• **WORK TASK**:
An exact copy, beginning at the line containing "a bathroom with" and ending at the final line of the records that follow, is the answer; it has no pictures and no other text.

★ ★ ★ ★ ★ ★ ★

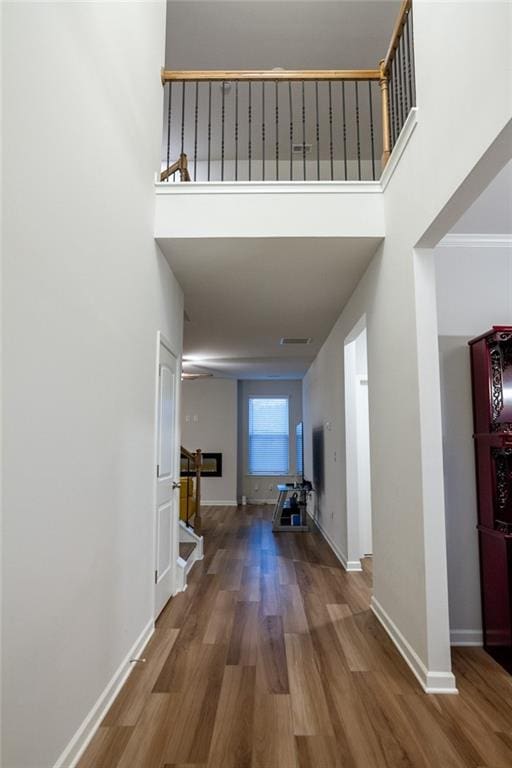 corridor featuring a towering ceiling, stairs, baseboards, and wood finished floors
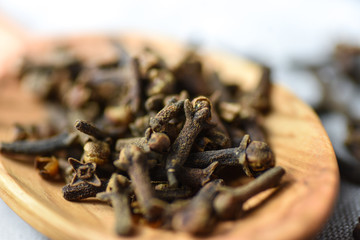 Cloves on a wooden spoon, old wooden background, selective focus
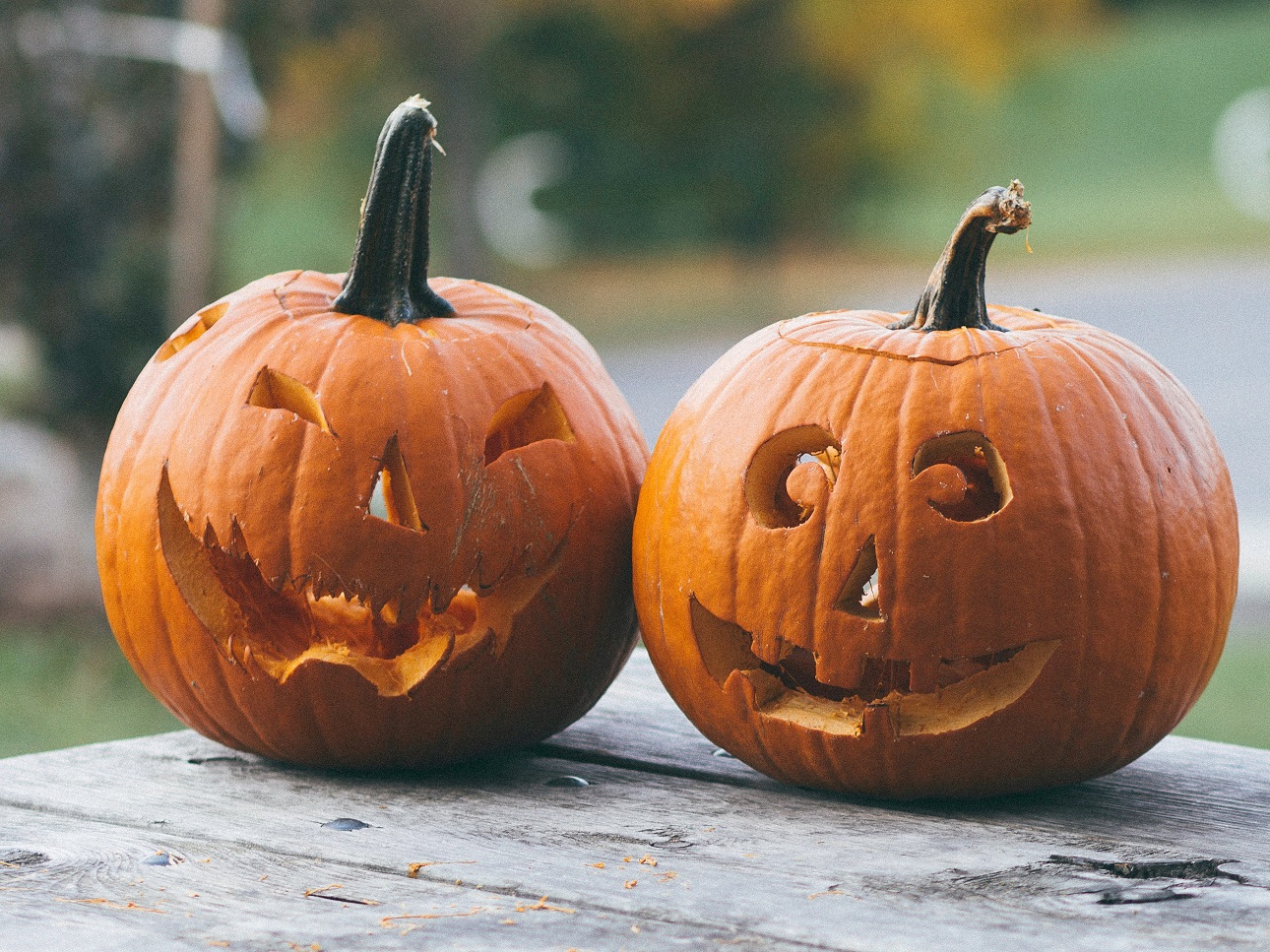Stock photo of two Jack-o-lanterns.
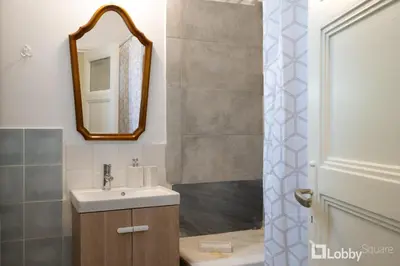 a bathroom with a sink and a mirror and a shower at Vea Studio Plaka in Athens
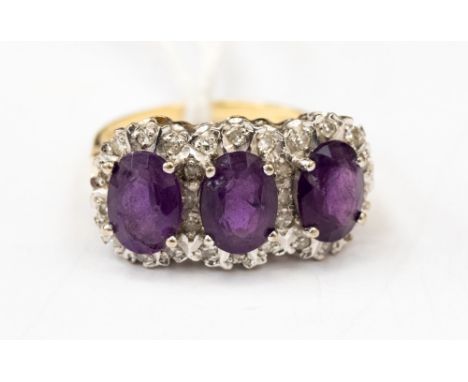 An 18ct gold ring set with three amethyst (damaged) surrounded by illusion set diamond chips, size S, with a total gross weig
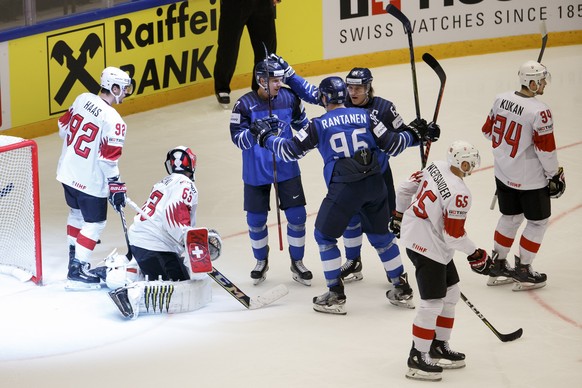 Finland&#039;s defender Markus Nutivaara, 3rd left, celebrates his goal withe teammates forward Mikko Rantanen #96 and forward Mikael Granlund, 3rd right, between Switzerland&#039;s players forward Ga ...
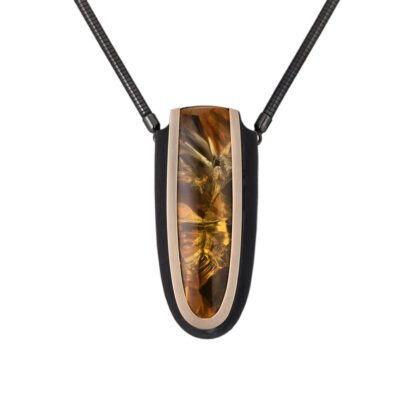 A necklace with a brown and black design on it.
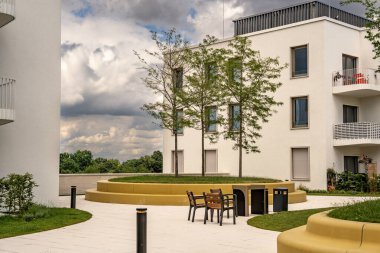 Freiham Münih Bavyera 'daki Modern Mimari: Geometrik cepheli Minimalist Bina, Büyük Pencereler ve Bulutlu Gök Altındaki Küçük Ağaç. Yüksek kalite fotoğraf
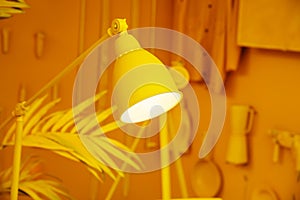 Yellow table lamp on an orange background. An abstract composition in warm colors and an idea for decorating a room. Foreground.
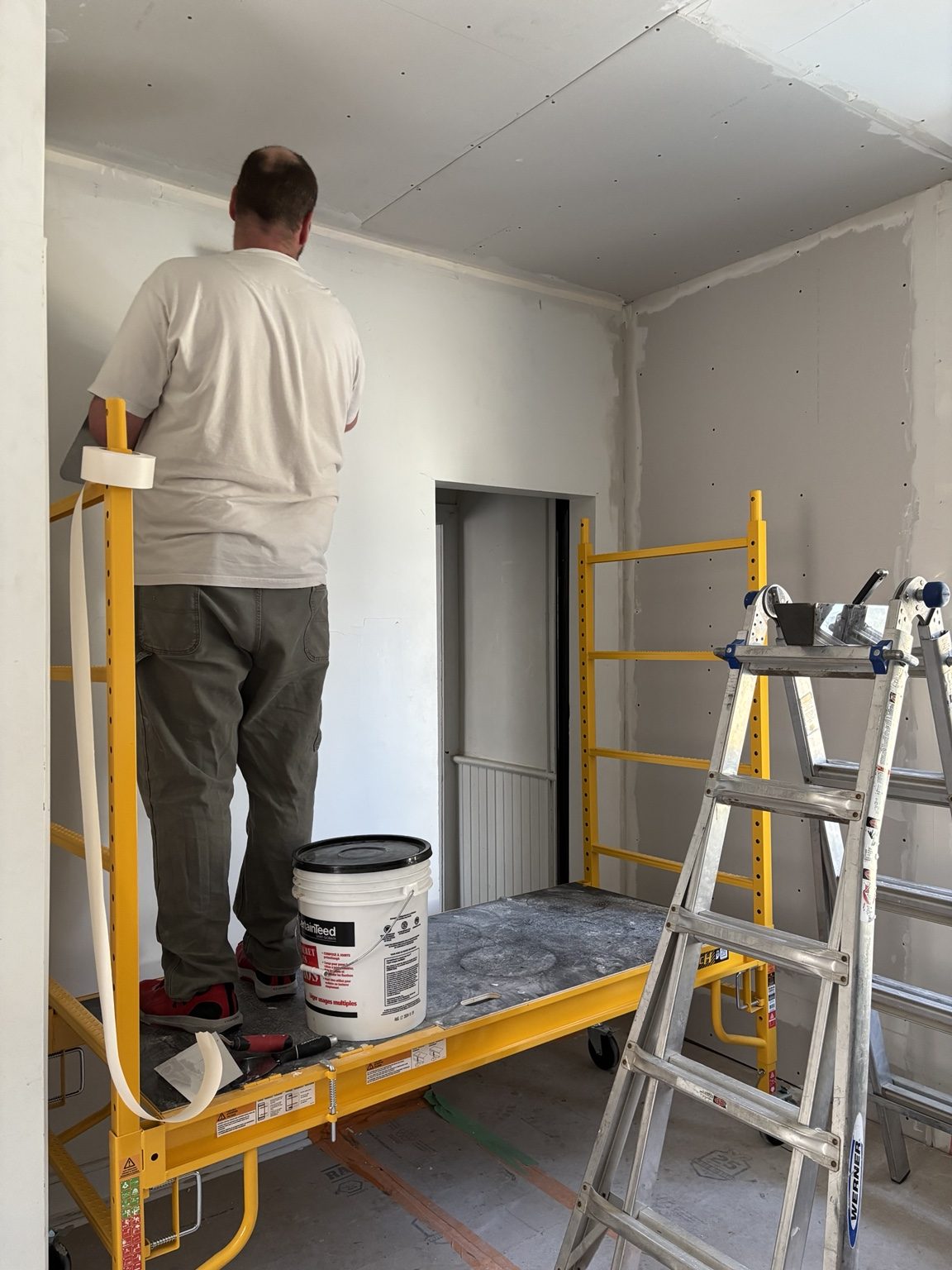 Drywall and ceiling finishing in progress
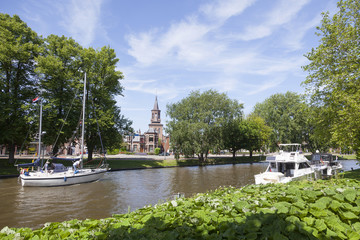 boats in canal near centre of old dutch town leeuwarden with church in the background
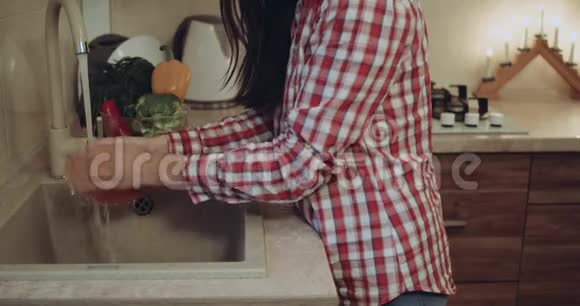 特写一个女人在厨房的水槽里洗蔬菜视频的预览图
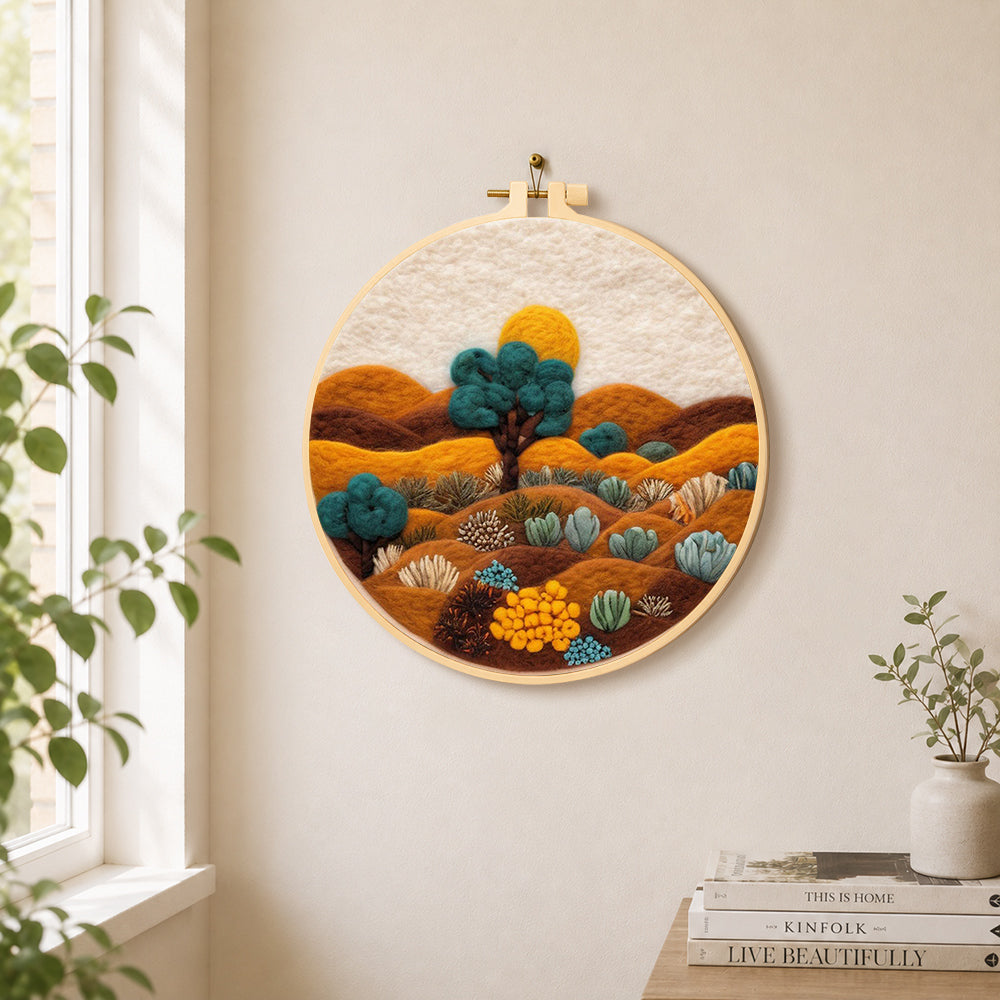 Desert landscape with succulents needle felt wall art displayed in a bright home interior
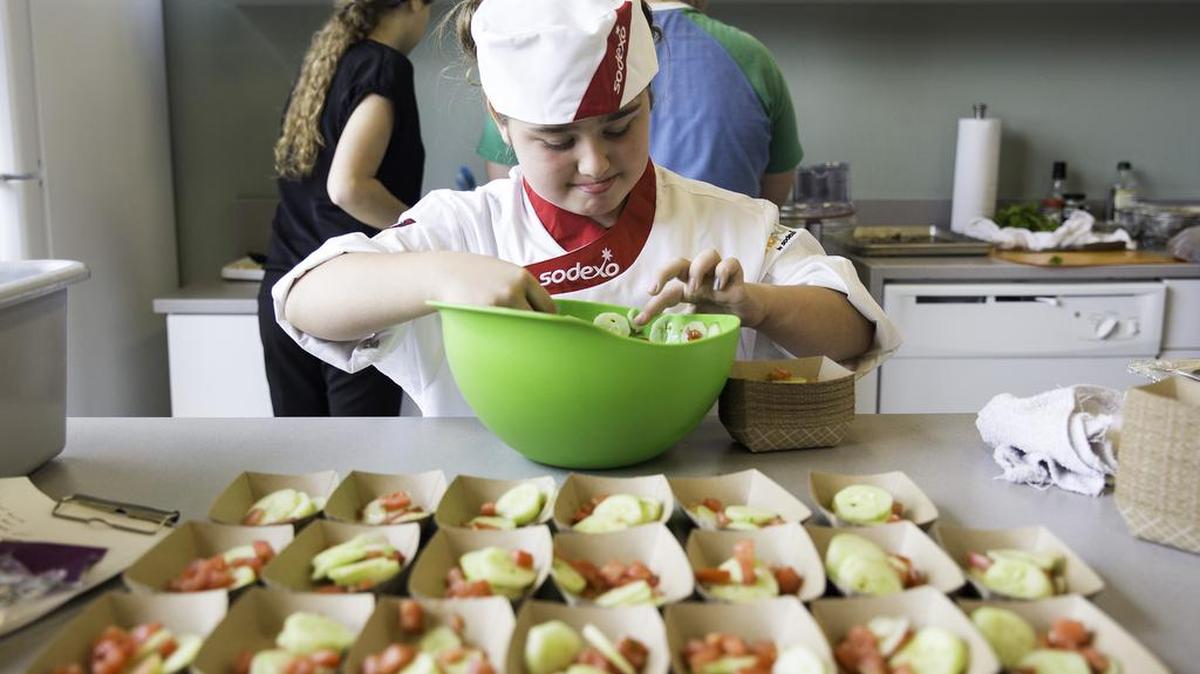 Karaleigh Schmidt divvies up servings of local vegetables she prepared at the Farm to Fork Youth Camp cooking competition.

★ ★ ★ ★ ★ ★ ★

• **SOLUTION TO THIS TASK**:
 a bathroom with a sink and a mirror and a shower at Vea Studio Plaka in Athens
 An 18ct gold ring set with three amethyst (damaged) surrounded by illusion set diamond chips, size S, with a total gross weig
 Finland&#039;s defender Markus Nutivaara, 3rd left, celebrates his goal withe teammates forward Mikko Rantanen #96 and forward Mikael Granlund, 3rd right, between Switzerland&#039;s players forward Ga ...
 A necklace with a brown and black design on it.
 Freiham Münih Bavyera 'daki Modern Mimari: Geometrik cepheli Minimalist Bina, Büyük Pencereler ve Bulutlu Gök Altındaki Küçük Ağaç. Yüksek kalite fotoğraf
 Yellow table lamp on an orange background. An abstract composition in warm colors and an idea for decorating a room. Foreground.
 Drywall and ceiling finishing in progress
 boats in canal near centre of old dutch town leeuwarden with church in the background
 特写一个女人在厨房的水槽里洗蔬菜视频的预览图
 Desert landscape with succulents needle felt wall art displayed in a bright home interior
 Karaleigh Schmidt divvies up servings of local vegetables she prepared at the Farm to Fork Youth Camp cooking competition.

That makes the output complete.